First of all, let’s start masterha_manager:
nohup masterha_manager --conf=/etc/mha.cnf --wait_on_monitor_error=60 --wait_on_failover_error=60 >> /tmp/mha.log 2>&1
Then let’s start a load again. Finally, go to the MySQL node that uses master xxx.xxx.xxx.107
ps aux|grep mysql
mysql 18755 0.0 0.0 113248 1608 pts/0 S Aug28 0:00 /bin/sh /opt/mysql_templates/mysql-57/bin/mysqld_safe --defaults-file=/opt/mysql_instances/mha1/my.cnf
mysql 21975 3.2 30.4 4398248 941748 pts/0 Sl Aug28 93:21 /opt/mysql_templates/mysql-57/bin/mysqld --defaults-file=/opt/mysql_instances/mha1/my.cnf --basedir=/opt/mysql_templates/mysql-57/ --datadir=/opt/mysql_instances/mha1/data --plugin-dir=/opt/mysql_templates/mysql-57//lib/plugin --log-error=/opt/mysql_instances/mha1/mysql-3306.err --open-files-limit=65536 --pid-file=/opt/mysql_instances/mha1/mysql.pid --socket=/opt/mysql_instances/mha1/mysql.sock --port=3306
And kill the MySQL process.
kill -9 21975 18755
As before, check what happened on the application side:
[ 80s] threads: 4, tps: 213.20, reads: 1919.10, writes: 853.20, response time: 28.74ms (95%), errors: 0.00, reconnects: 0.00
[ 90s] threads: 4, tps: 211.30, reads: 1901.80, writes: 844.70, response time: 28.63ms (95%), errors: 0.00, reconnects: 0.00
[ 100s] threads: 4, tps: 211.90, reads: 1906.40, writes: 847.90, response time: 28.60ms (95%), errors: 0.00, reconnects: 0.00
[ 110s] threads: 4, tps: 211.10, reads: 1903.10, writes: 845.30, response time: 29.27ms (95%), errors: 0.30, reconnects: 0.00 <-- issue starts
[ 120s] threads: 4, tps: 198.30, reads: 1785.10, writes: 792.40, response time: 28.43ms (95%), errors: 0.00, reconnects: 0.00
[ 130s] threads: 4, tps: 0.00, reads: 0.60, writes: 0.00, response time: 0.00ms (95%), errors: 0.00, reconnects: 0.40 <-- total stop in write
[ 140s] threads: 4, tps: 173.80, reads: 1567.80, writes: 696.30, response time: 34.89ms (95%), errors: 0.40, reconnects: 0.00 <-- writes restart
[ 150s] threads: 4, tps: 195.20, reads: 1755.10, writes: 780.50, response time: 33.98ms (95%), errors: 0.00, reconnects: 0.00
[ 160s] threads: 4, tps: 196.90, reads: 1771.30, writes: 786.80, response time: 33.49ms (95%), errors: 0.00, reconnects: 0.00
[ 170s] threads: 4, tps: 193.70, reads: 1745.40, writes: 775.40, response time: 34.39ms (95%), errors: 0.00, reconnects: 0.00
[ 180s] threads: 4, tps: 191.60, reads: 1723.70, writes: 766.20, response time: 35.82ms (95%), errors: 0.00, reconnects: 0.00
So it takes ~10 seconds to perform failover.
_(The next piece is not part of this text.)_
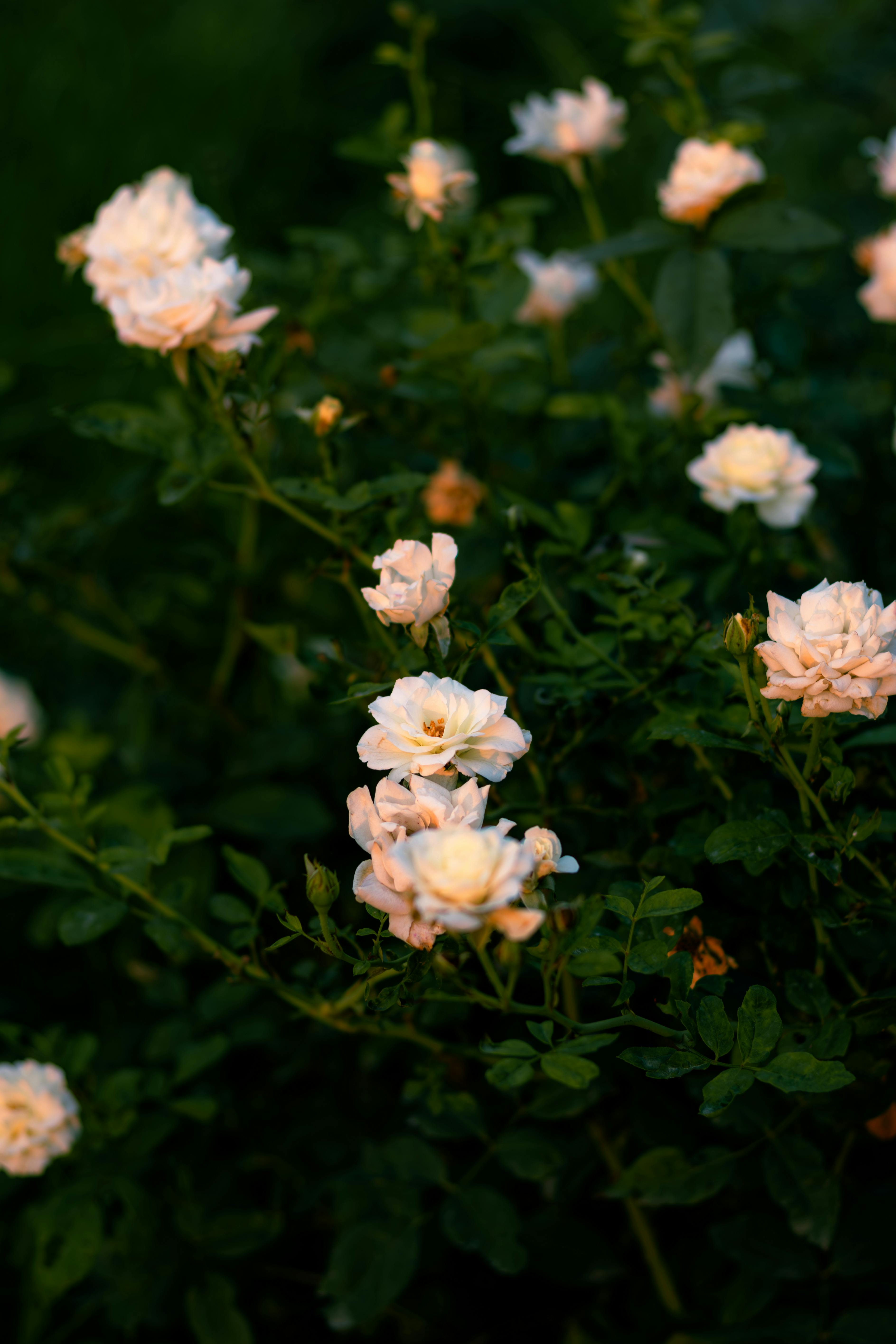 Capture the beauty of blooming white roses in a serene Ludhiana garden setting.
To understand better, let see what happened in MHA-land:
Tue Aug 30 09:33:33 2016 - [warning] Global configuration file /etc/masterha_default.cnf not found. Skipping.
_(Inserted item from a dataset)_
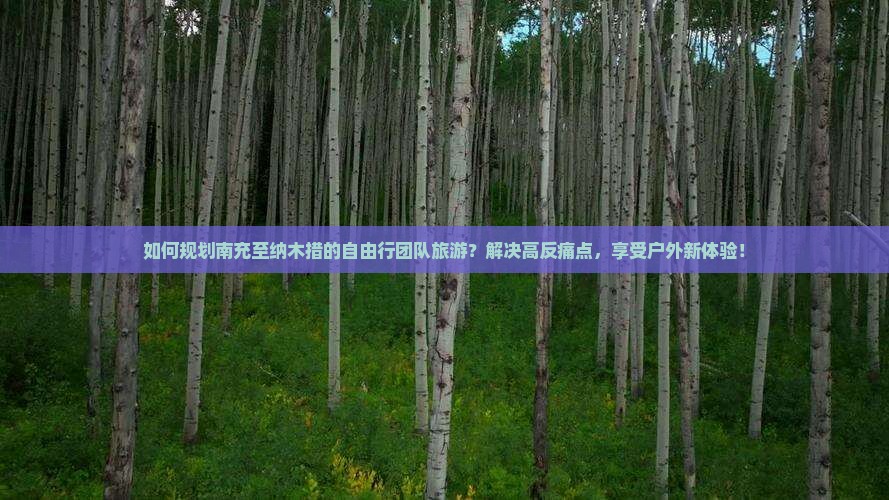 如何规划南充至纳木措的自由行团队旅游？解决高反痛点，享受户外新体验！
Tue Aug 30 09:33:33 2016 - [info] Reading application default configuration from /etc/mha.cnf..
... Read conf and start
Tue Aug 30 09:33:47 2016 - [debug] Trying to get advisory lock..
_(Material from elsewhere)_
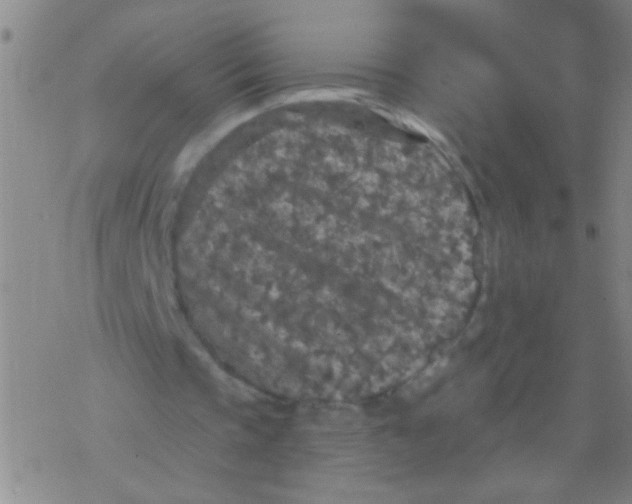 X0000076300337200610271920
Tue Aug 30 09:33:47 2016 - [info] Ping(SELECT) succeeded, waiting until MySQL doesn't respond..
... Wait for errors
Tue Aug 30 09:34:47 2016 - [warning] Got error on MySQL select ping: 2006 (MySQL server has gone away) <--- Error time
Tue Aug 30 09:34:56 2016 - [warning] Connection failed 4 time(s).. <--- Finally MHA decide to do something
Tue Aug 30 09:34:56 2016 - [warning] Master is not reachable from health checker!
Tue Aug 30 09:34:56 2016 - [warning] Master mha2r(192.168.1.107:3306) is not reachable!
Tue Aug 30 09:34:56 2016 - [warning] SSH is reachable.
Tue Aug 30 09:34:58 2016 - [info] Master failover to mha1r(192.168.1.104:3306) completed successfully. <--- end of the failover
MHA sees the server failing at xx:47, but because of the retry and checks validation, it actually fully acknowledges the downtime at xx:56 (~8 seconds after).
To perform the whole failover, it only takes ~2 seconds (again). Because no movable IPs or DNSs were involved, the operations were fast. This is true when the servers have the binary-log there, but it’s a different story if MHA also has to manage and push data from the binarylog to MySQL.
As you can see, ProxySQL can also help reduce the timing for this scenario, totally skipping the network-related operations. These operations are the ones causing the most trouble in these cases.